- Genre: Comedy Police procedural Mystery Crime
- Created by: Frank Spotnitz Smita Bhide
- Starring: Russell Peters Anupam Kher William Shatner Christina Cole Mishqah Parthiephal
- Country of origin: Canada
- Original language: English
- No. of episodes: 4

Production
- Producer: Trevor Hopkins
- Production locations: Mumbai, India Cape Town, South Africa Toronto, Ontario, Canada
- Running time: 44-46 minutes
- Production company: CTV

Original release
- Network: CTV
- Release: 23 November – 14 December 2017

= The Indian Detective =

Canadian crime comedy-drama series

The Indian Detective is a Canadian crime comedy-drama series which debuted on CTV and Netflix in 2017. The show stars Russell Peters as Doug D'Mello, a police officer from Toronto who becomes embroiled in a murder investigation while visiting his father (Anupam Kher) in Mumbai during a one-month suspension for incompetence. The fourth episode ended in a cliffhanger, hinting at a possible second season; while Peters has stated at various times that a second season was in the works, none has been officially announced as of September 2019.
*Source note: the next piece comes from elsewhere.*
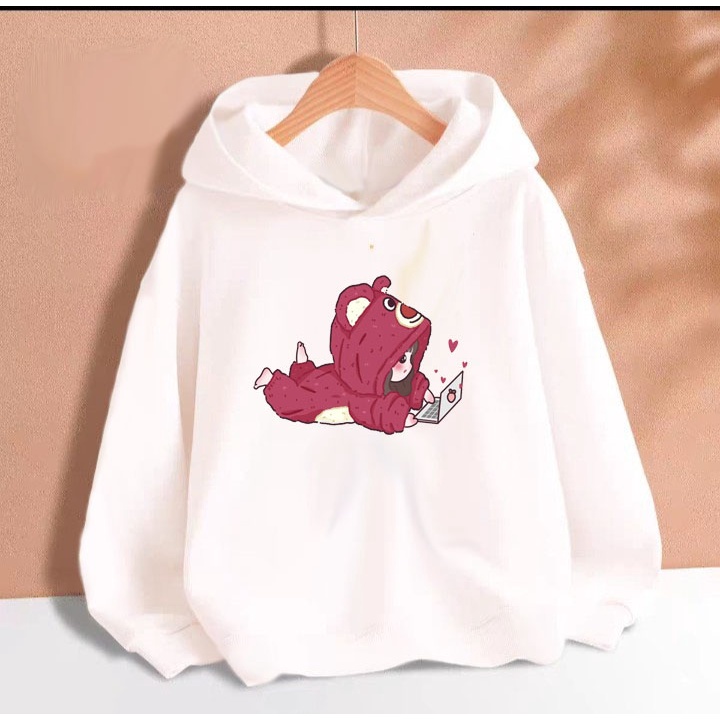 Áo hoodie bé gấu dâu cho bé gái phom rộng chất nỉ size từ 9 đến 65kg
As of January 2020, Peters entered a partnership with Amazon Prime with the comedic special "Russell Peters: Deported," possibly delaying season 2 of The Indian Detective even further.

==Production==

The Canadian scenes of The Indian Detective were filmed on location in Toronto, and in surrounding areas in Ontario. The Canadian border crossing scenes were filmed at Canadian Tire Motorsport Park, and some of the Indian scenes were actually filmed in Cape Town, South Africa.
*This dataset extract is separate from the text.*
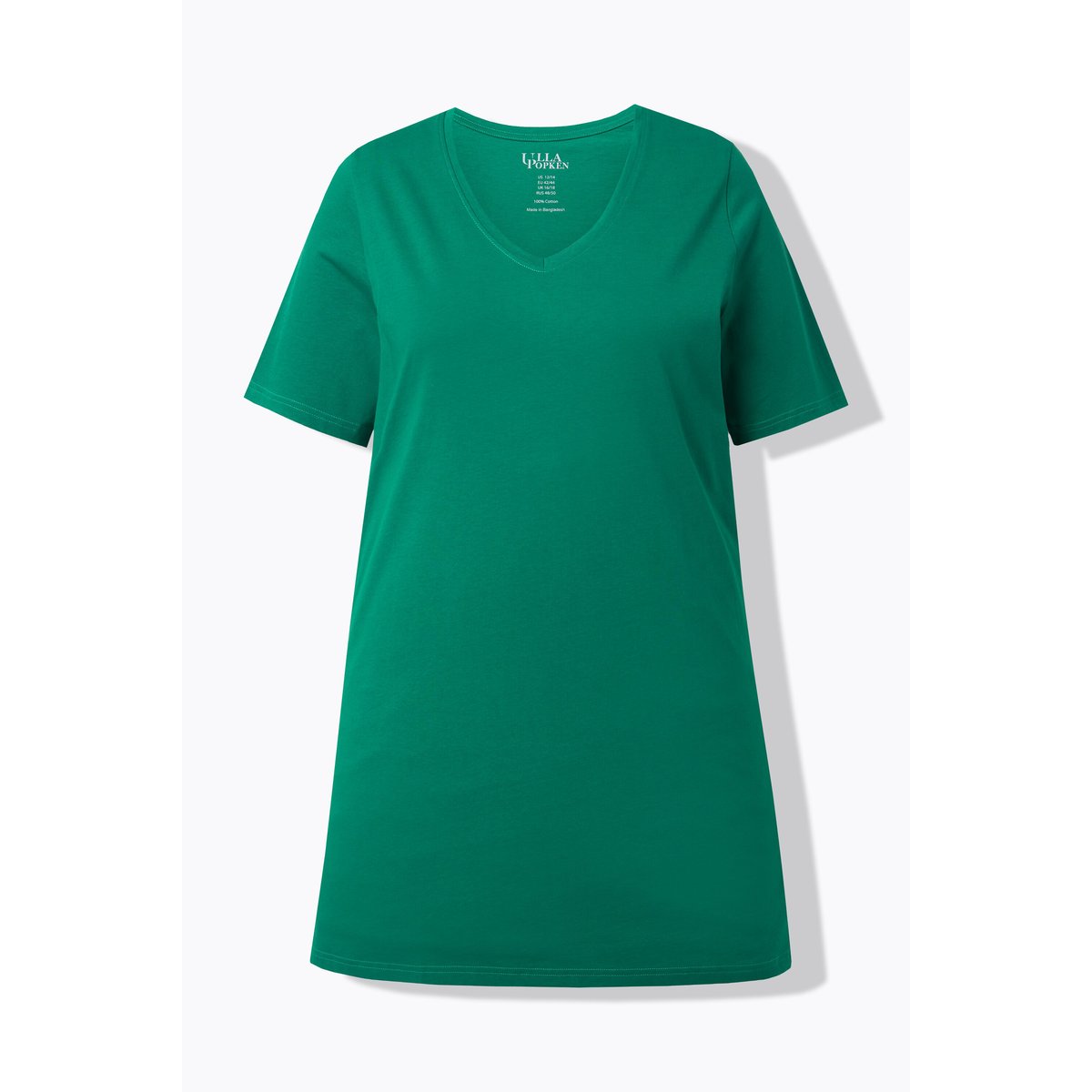 T-shirt long. Manches courtes et vert émeraude, ULLA POPKEN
At the 7th Canadian Screen Awards in 2019, the series won the Golden Screen Award as the highest-rated Canadian television program of 2018.

==Cast and characters==
- Russell Peters as Douglas "Doug" D'Mello
- Anupam Kher as Stanley D'Mello
- William Shatner as David Marlowe
- Christina Cole as Robyn "Bob" Gerner
- Mishqah Parthiephal as Priya Sehgal
- Hamza Haq as Gopal
- Deepti Jal Singh as Seema
- Nathan Dales as Agent Shamansky
- Veena Sood as Malika
- Angelo Tsarouchas as Informant in car

==Episodes==

| No. overall | No. in season | Title | Directed by | Written by | Original release date | Viewers (millions) |
| 1 | 1 | "Episode 1" | Sandy Johnson | Frank Spotnitz & Smita Bhide | November 23, 2017 | 2.12 |
A Toronto police officer gets embroiled in a murder investigation while visiting his father in Mumbai.
| 2 | 2 | "Episode 2" | Sandy Johnson | Frank Spotnitz & Smita Bhide | November 30, 2017 | 1.54 |
Priya introduces Doug to a case of a missing Canadian traveler; Doug learns the location of the missing girl.
| 3 | 3 | "Episode 3" | Sandy Johnson | Frank Spotnitz & Smita Bhide | December 7, 2017 | 1.28 |
The violent death of an innocent man at the hands of one of Gopal's henchmen allows Doug and Priya to infiltrate his inner circle.
| 4 | 4 | "Episode 4" | Sandy Johnson | Frank Spotnitz & Smita Bhide | December 14, 2017 | 1.26 |
In a desperate race against time in order to save thousands of lives, Doug and Robyn embark on a dangerous mission in the season finale.